En los países donde han crecido alternativas populares, las derechas apelan a todos los medios, incluida la violencia y el terror, para impedir su triunfo y consolidación. Todo ello con la intervención abierta o más o menos encubierta de la administración Trump, quien está empeñado en una feroz disputa de influencia con China en América Latina.

Aquí y ahora

La Argentina de estos días no escapa a esa ola de violencia y desestabilización. En los primeros meses del gobierno del Frente de Todos, y en medio de la brutal crisis económica, alguien metaforizó el inmediato itinerario de gestión del presidente Alberto Fernández como una caminata sobre hielo quebradizo. Lo que vino después fue mucho peor: a la devastación de las fuerzas productivas y de las finanzas públicas que legó Mauricio Macri, se agregaba el Covid.19 con sus enormes costos económicos y humanos. La pandemia llegó cuando se estaba reconstruyendo el Ministerio de Salud, que el gobierno anterior había rebajado a secretaría y que Adolfo Rubinstein había abandonado dejando una deuda de 14.000 millones de pesos y dos pandemias evitables, la de sarampión y la de dengue, previas a la pandemia en curso. 

Hoy el escenario público está enrarecido por el acoso golpista a que la jauría mediática somete al gobierno, por la insolente extorsión de una burguesía que vive y piensa en dólares y por una oposición política que trata a toda costa de paralizar la capacidad de decisión del Poder Ejecutivo, único recurso con que cuenta Juntos por el Cambio para mantener su propia cohesión política, a falta de un proyecto alternativo luego de la depredación perpetrada por Mauricio y su pandilla.

La resistencia en el Congreso remite a tácticas ya conocidas y de larga práctica, que ahora incluye desde los remilgos para sesionar por teleconferencia hasta la impugnación por vía judicial de los proyectos aprobados por la mayoría. Clarín y la Nación sistematizan y amplifican los argumentos de los voceros de la coalición de derecha, algunos de ellos de una trivialidad digna de los programas de chismes de la farándula. 
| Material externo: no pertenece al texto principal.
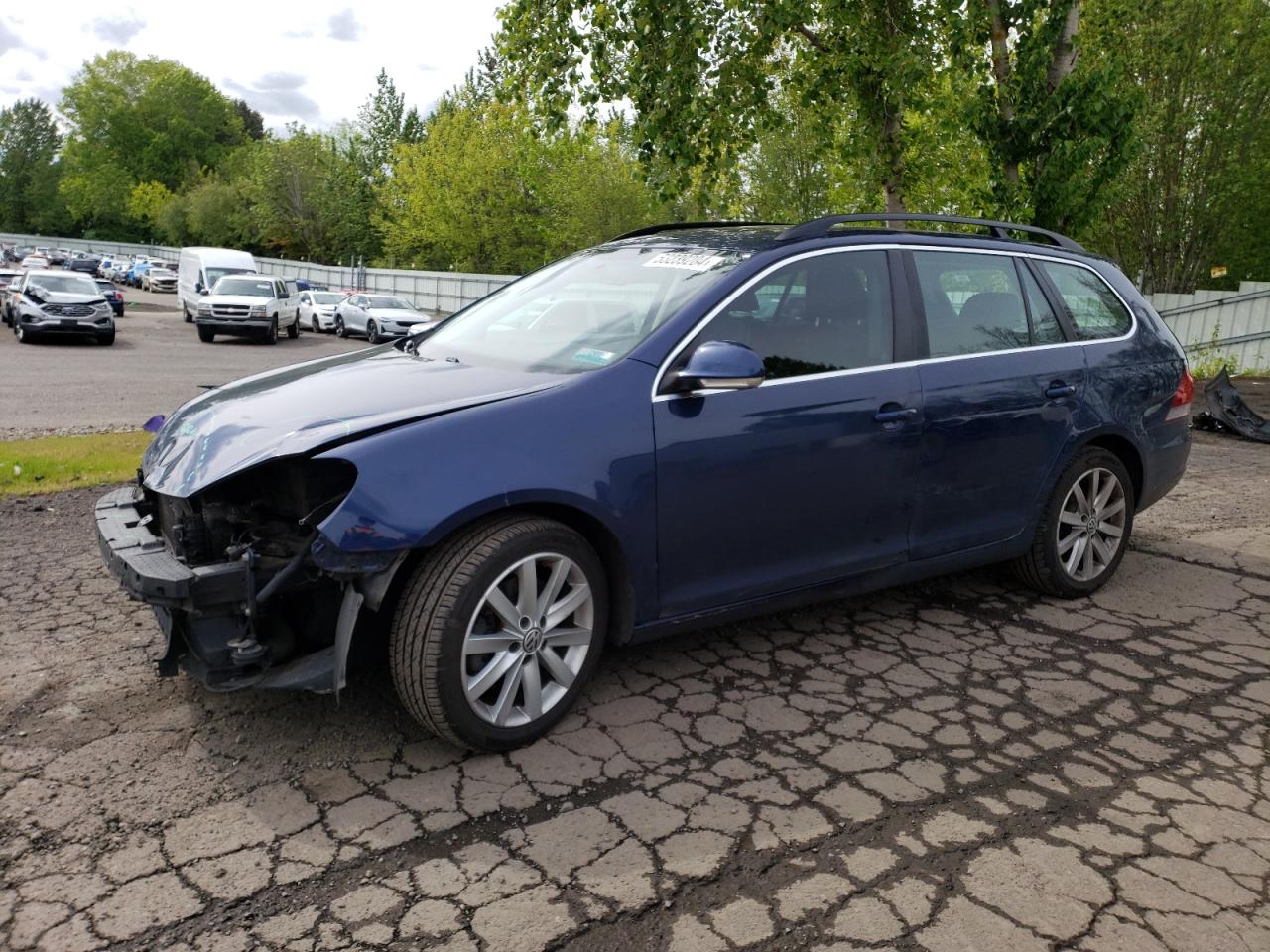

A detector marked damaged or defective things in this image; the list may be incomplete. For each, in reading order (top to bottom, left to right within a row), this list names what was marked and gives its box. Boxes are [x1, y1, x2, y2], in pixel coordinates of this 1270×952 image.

front end damage [96, 460, 399, 690]
crumpled hood [139, 349, 564, 498]
cracked asphalt [2, 432, 1270, 952]
damaged blue wagon [96, 216, 1191, 750]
Mientras las cifras fatales de la pandemia se mantienen en lo alto, el país libra una guerra sin cuartel contra la especulación financiera a partir de las limitaciones impuestas a un puñado de grandes empresas, que sólo podrán pagar mensualmente el 40 por ciento de sus deudas con dólares suministrados por el Banco Central. La escasez de reservas alienta una ofensiva devaluatoria de la mafia financiera. Los grandes tenedores de dólares, expertos en la rapiña y la evasión fiscal, disponen de un arma poderosa para manipular los precios de bienes y servicios, envilecer los salarios vía devaluación y, en fin, condicionar las políticas económicas y poner de rodillas a cualquier gobierno que no consiga imponerle límites económicos y políticos.
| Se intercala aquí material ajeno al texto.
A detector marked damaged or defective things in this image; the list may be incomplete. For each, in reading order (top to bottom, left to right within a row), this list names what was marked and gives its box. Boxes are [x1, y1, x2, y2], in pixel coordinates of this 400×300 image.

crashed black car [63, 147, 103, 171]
En este clima rabioso y crispado, la Asociación Empresaria Argentina (AEA), que agrupa a los dueños y representantes del gran capital, parece pensar que puede torcer el rumbo de la gestión al lanzar un documento impregnado de autoritarismo, que cuestiona de manera radical el DNU, convalidado por el Senado, que declara servicio esencial a las tecnologías de la información y la comunicación (TIC) y congela las tarifas de la telefonía fija, celular, internet y televisión paga. También alega que “es fundamental evitar los controles de precios, así como el congelamiento de tarifas que tensionan la ecuación económica de las empresas”, y arguye que debe “garantizarse el derecho de propiedad y evitarse la aplicación de impuestos confiscatorios que alejen de la Argentina a empresas y personas».

Es la misma historia de siempre, la nefasta repetición del ciclo en el que gobiernos reformistas, que impulsan o abren brechas para la conquista de una democracia de masas, son llevados al desgaste y caída al menor intento de tocar alguno de los privilegios del gran capital, ahora ya sin la intervención de las fuerzas armadas. 
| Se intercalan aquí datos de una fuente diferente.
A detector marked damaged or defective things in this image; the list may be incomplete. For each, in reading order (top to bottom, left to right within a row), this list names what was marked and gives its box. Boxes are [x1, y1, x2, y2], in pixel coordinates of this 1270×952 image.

Pero, de un modo u otro la violencia está presente en cada ademán opositor. Mientras el Presidente se esfuerza en mantener su estilo mesurado y conciliador, el Frente de Todos, sus dirigentes y militantes, cavilan formas novedosas de movilización que, al tiempo que no transgredan las normas de cuidado que el propio gobierno ha dictado, muestren la potencia de un movimiento de masas que la peste mantiene encubierta.